In the present study there was no statistically significant difference between variables as SOFA max and APACHE II or SOFA max and APACHE II combination on one side and HBP on the other side in prediction of mortality, but HBP offered very high predictive value for prediction of morbidity. HBP predicts severe sepsis in the level of microvascular changes, which occur early in the pathogenesis of sepsis before the scenario of MODS starts, which is not available in ICU scores. Furthermore, HBP allows mortality prediction with comparable accuracy to ICU scores.

In conclusion, the serial measurements of HBP plasma levels can be a useful tool for close monitoring of critically ill septic patients with high sensitivity and specificity in comparison with different ICU scores.
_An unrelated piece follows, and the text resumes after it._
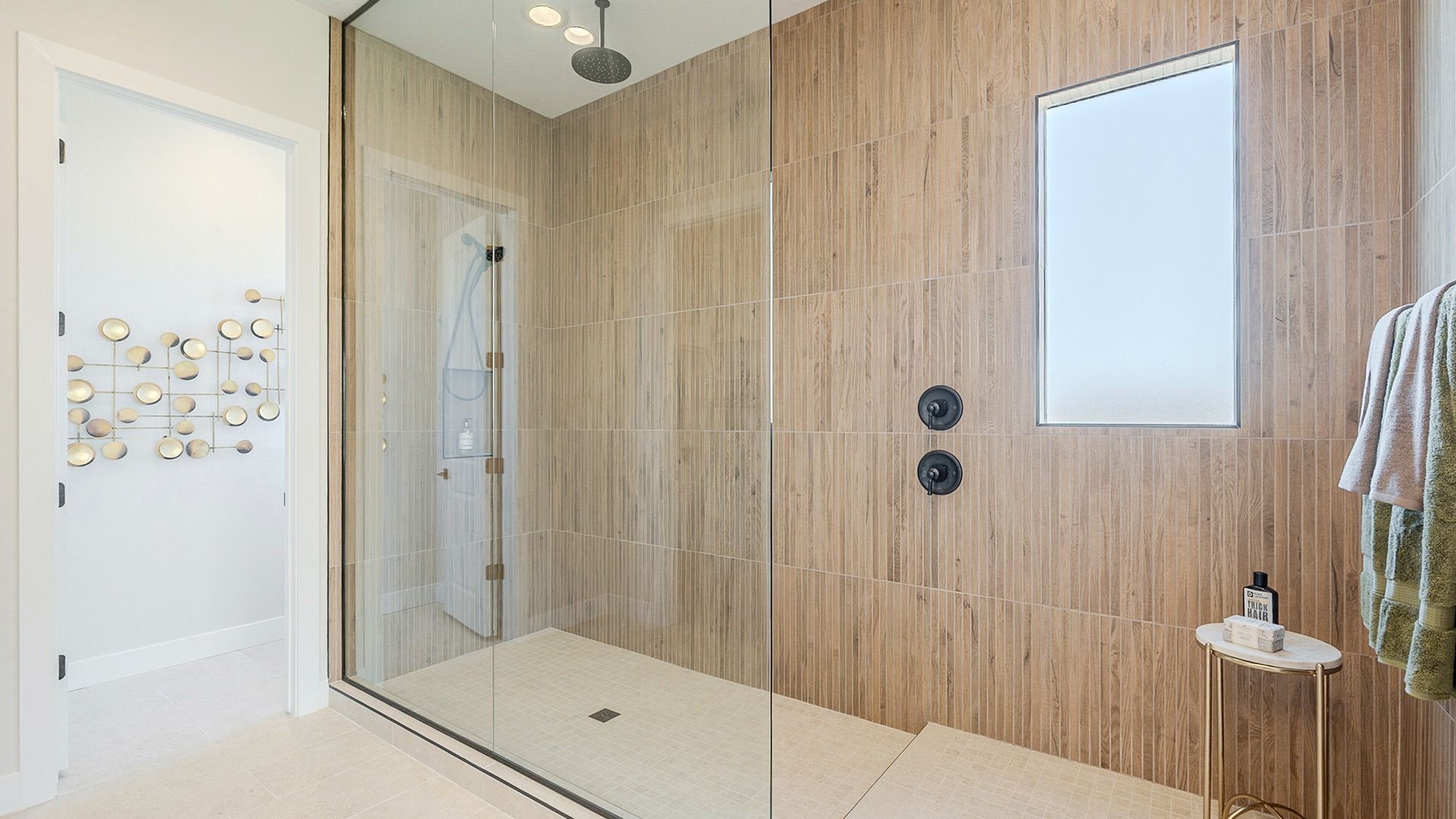 Immerse in luxury with an expansive glass-enclosed shower, premium wood tile, and modern fixtures. Hacienda at Estrella.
Financial support and sponsorship

Nil.

Conflicts of interest

There are no conflicts of interest.

References

1Linder A, Soehnlein O, Akesson P. Roles of heparin-binding protein in bacterial infections. J Innate Immun 2010; 2:431–438.
2Gautam N, Olofsson AM, Herwald H, Iversen LF, Lundgren-Akerlund E, Hedqvist P et al. Heparin-binding protein (HBP/CAP37): a missing link in neutrophil-evoked alteration of vascular permeability. Nat Med 2001; 7:1123–1127.
3Linder A, Akesson P, Inghammar M, Treutiger C-J., Linner A, Sunden-Cullberg J. Elevated plasma levels of heparin-binding protein in intensive care unit patients with severe sepsis and septic shock. Crit Care 2012; 16:R90.
4Berkestedt I, Herwald H, Ljunggren L, Nelson A, Bodelsson M. Elevated plasma levels of antimicrobial polypeptides in patients with severe sepsis. J Innate Immun 2010; 2:478–482.
5Ristagno G, Masson S, Tiainen M, Bendel S, Bernasconi R, Varpula T et al. Elevated plasma heparin-binding protein is associated with early death after resuscitation from cardiac arrest. Crit Care 2016; 20:251.
6Linder A, Christensson B, Herwald H, Bjorck L, Akesson P. Heparin-binding protein: an early marker of circulatory failure in sepsis. Clin Infect Dis 2009; 49:1044–1050.
7Tydén J, Herwald H, Sjöberg F, Johansson J. Increased plasma levels of heparin-binding protein on admission to intensive care are associated with respiratory and circulatory failure. PLoS One 2016; 11:e0152035.